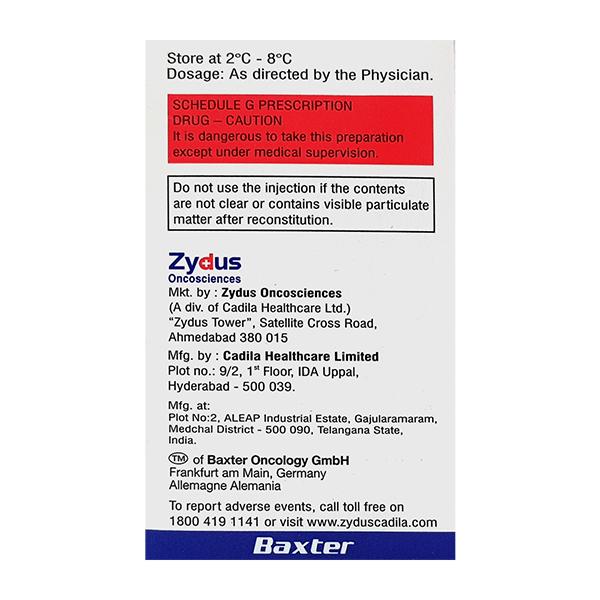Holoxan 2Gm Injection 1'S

=====

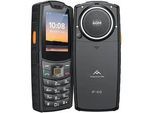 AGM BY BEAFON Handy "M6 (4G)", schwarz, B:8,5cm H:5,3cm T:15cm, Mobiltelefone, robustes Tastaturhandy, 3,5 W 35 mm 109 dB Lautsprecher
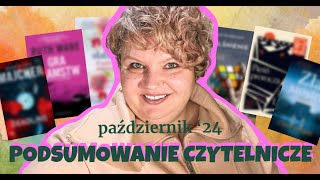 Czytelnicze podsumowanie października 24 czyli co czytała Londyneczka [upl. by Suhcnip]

=====

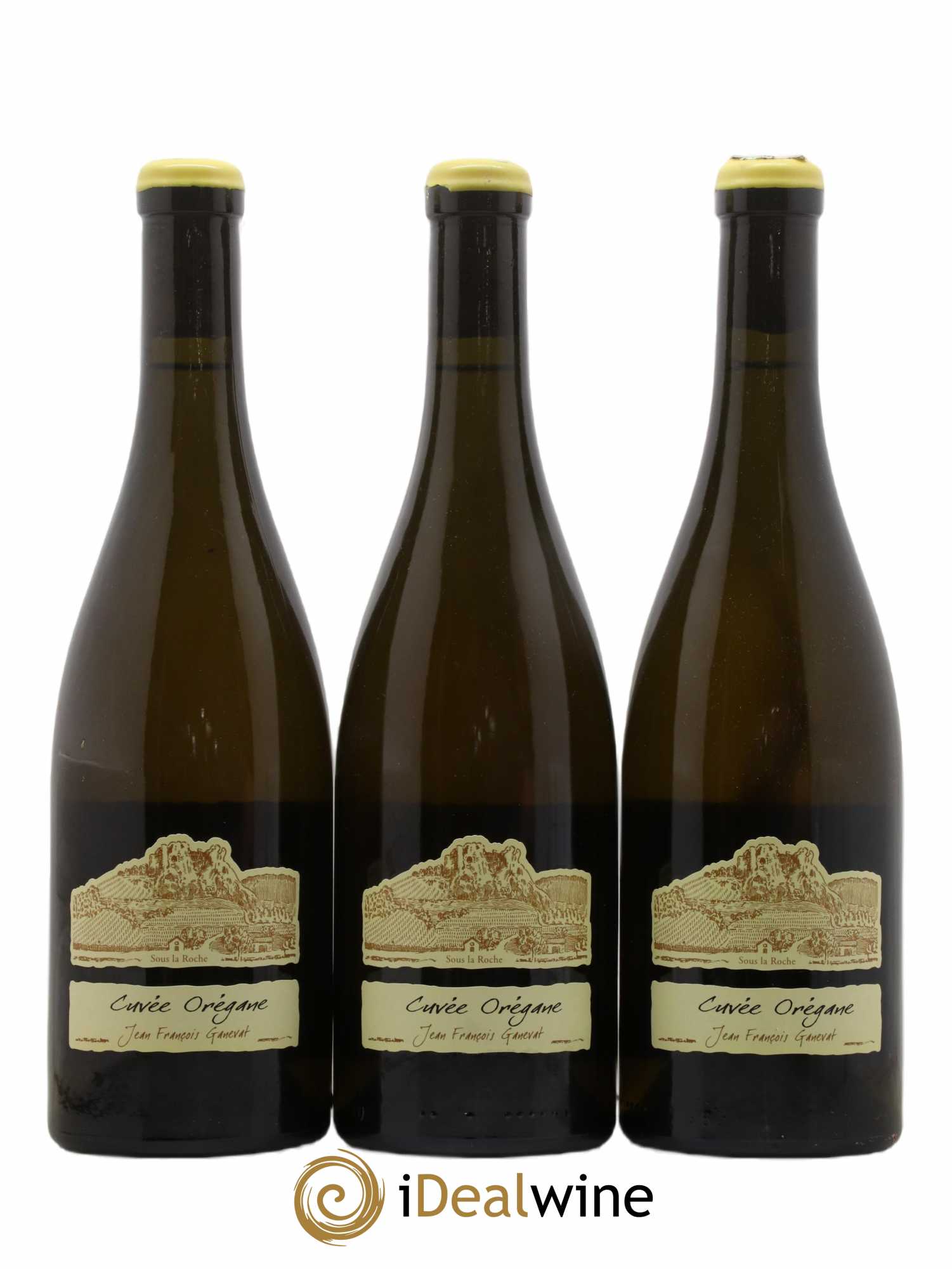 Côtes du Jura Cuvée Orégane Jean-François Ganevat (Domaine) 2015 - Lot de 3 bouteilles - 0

=====

Work to complete -
In the listing above, find the line containing "AGM BY BEAFON" and the line containing "Czytelnicze podsumowanie października", then return both of them and every line between, exactly, without pictures.

Response area -
 AGM BY BEAFON Handy "M6 (4G)", schwarz, B:8,5cm H:5,3cm T:15cm, Mobiltelefone, robustes Tastaturhandy, 3,5 W 35 mm 109 dB Lautsprecher
 Czytelnicze podsumowanie października 24 czyli co czytała Londyneczka [upl. by Suhcnip]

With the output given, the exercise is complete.